Judiciary is often considered the last resort of victims and through the due process of law must ensure fair and affordable litigation to all. Time and again, the need for transformative constitutionalism has been harped on – that laws must be molded so as to supplant archaic or invidious laws. However, the truth remains that women still face hurdles when they knock the doors of Law. 
The criminal justice system response to the cases of violence against women has clearly played a role in educating the public on what is not acceptable in our community against women. Laws that are drafted to reflect the reality of women’s experience of violence inside or outside the home, if fully implemented will provide justice for women who have suffered violence and even protect against further abuse. 
However, educating on gender violence should not be a partisan tutoring. Mutual respect for all genders must be emphasized on accompanied by exacting laws to keep people on their toes. It is indispensable to make more laws of the like of Protection of Women from Domestic Violence Act 2005, Dowry Prohibition Act 1961, National Commission for Women Act, 1990 and Medical Termination of Pregnancy Act, 1971 but also the same are effectuated methodically and uncompromisingly. The directives of the High Courts in regard of the conduct of the law enforcement agencies must be attended. The Apex and the High courts have played an innovative role in achieving gender-parity and securing Women’s right while assuring that such laws are not desecrated by some contemptible women. 
Legislature must implement lasting policies to ensure reduction in intimate domestic violence. Some other ways to ensure insulation of married women from domestic cruelty could be done by:- 
  • Advocating violence against women unacceptable and for such violence to be addressed as a public health problem. 
  • Provide comprehensive services, sensitize and train health care providers in responding to the needs of survivors holistically and empathetically. 
  • Prevent recurrence of violence through early identification of women and children who are experiencing violence and providing appropriate referral and support 
  • Promote egalitarian gender norms as part of life skills and comprehensive sexuality education curricula taught to young people. 

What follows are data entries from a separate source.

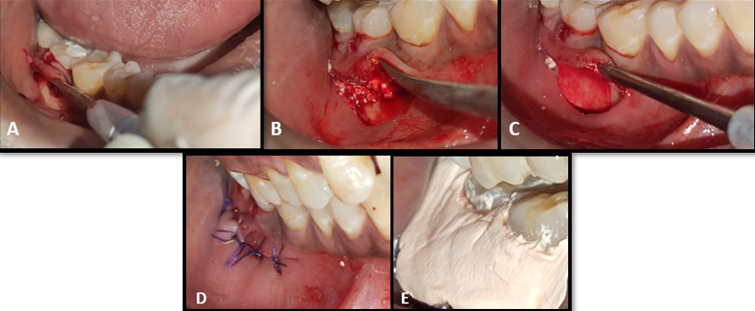 A: -bony defect after elevation of full thicknessmucoperiosteal flap and curettage of granulation tissue, B: -placement of β-TCP graft, C:- GTR membrane placed, D:- surgical site sutured with 4-0 vicryl, E:- Coe pack placed to protect the surgical site.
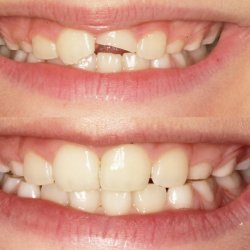 Ułamany ząb można dokleić. Wystarczy tylko zastosować się do wskazówek zawartych w poniższym tekście (fot. materiał prasowy Śmigiel Dental)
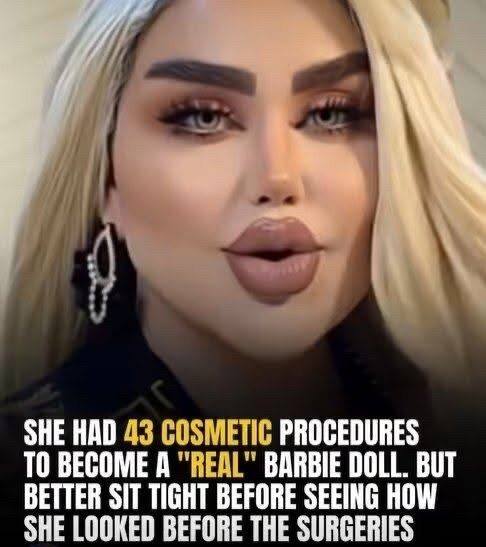 43 Surgeries to Look Like a Doll Spark Controversy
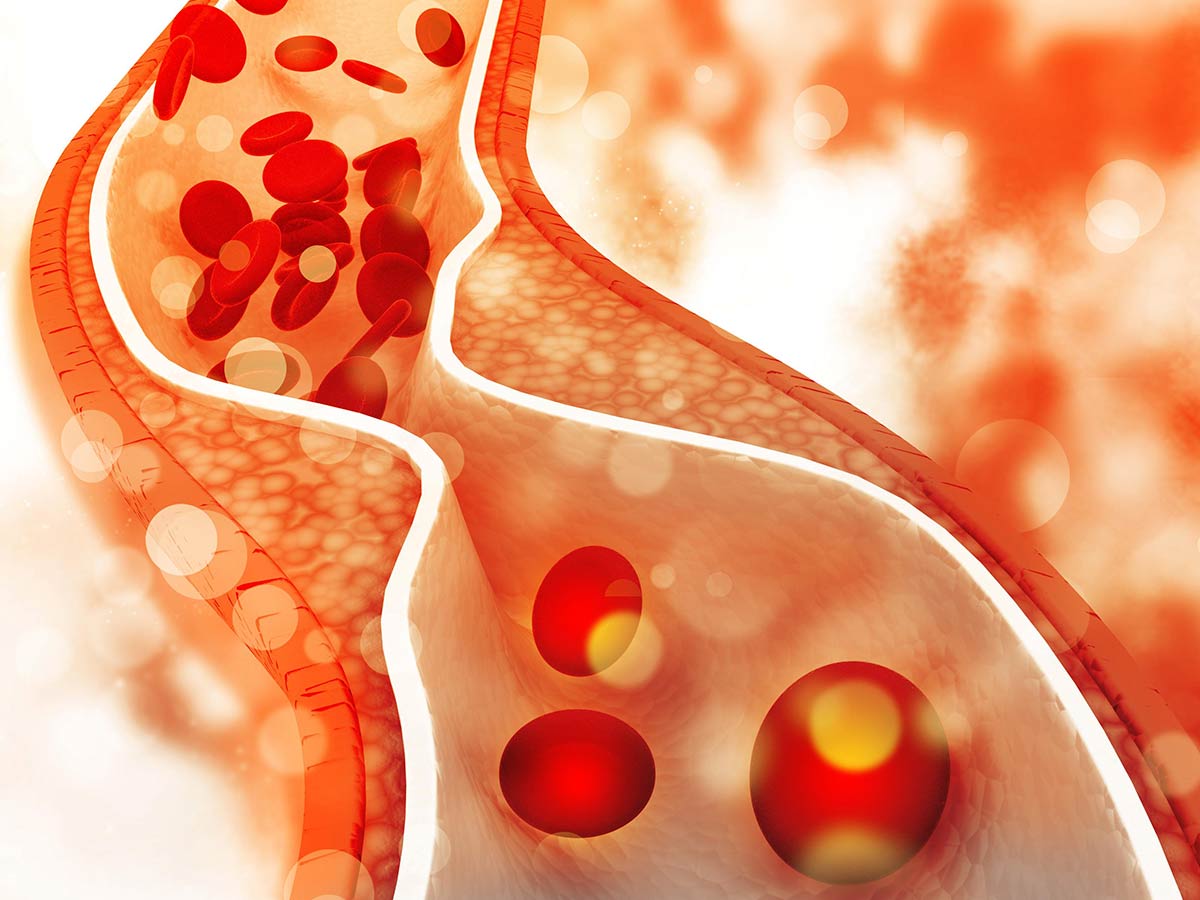Enfermedad Vascular Periferica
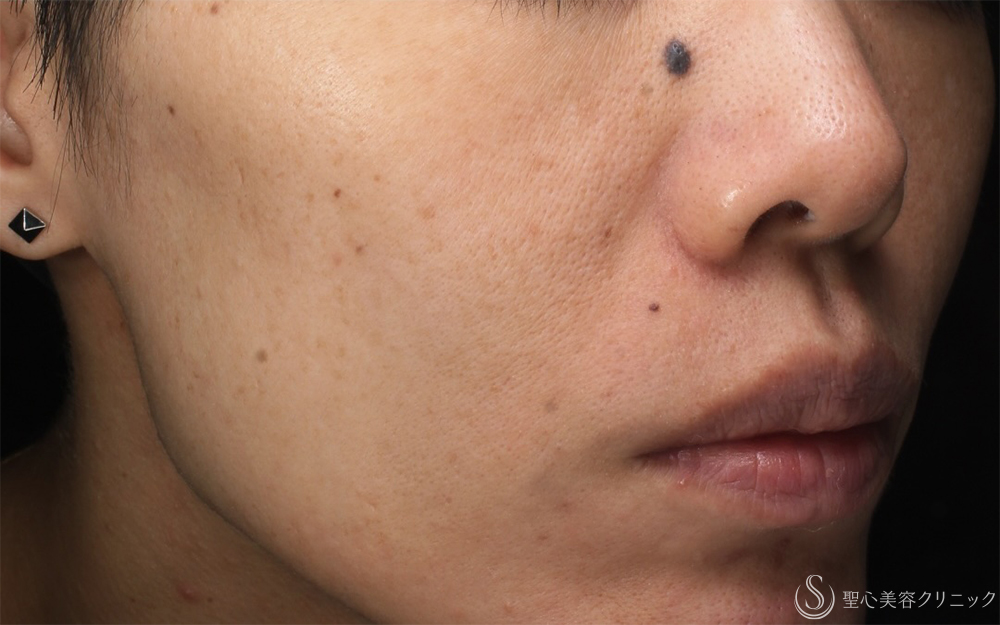 【40代女性・そばかすを一掃】PICOルビーフラクショナル（1ヶ月後） After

  • Generate evidence on what works and on the magnitude of the problem by carrying out population-based surveys, or including violence against women in population-based demographic and health surveys, as well as in surveillance and health information systems 
Even though the primary concern should be protection of women from such violence, it would do well to conform to the SC’s modified directives [Social Action Forum for Manav Adhikar & Ors. Vs UOI] dealing with domestic violence cases to ensure no misuse of the provision. And last but not the least, we must understand that legislature and judiciary can mitigate domestic violence to certain extents but the clear message that must be sent to men and women is that, violence or harassing either of the sexes is unacceptable. 





Teresa Dhar is II year B.A L.L.B student at Chanakya National Law University.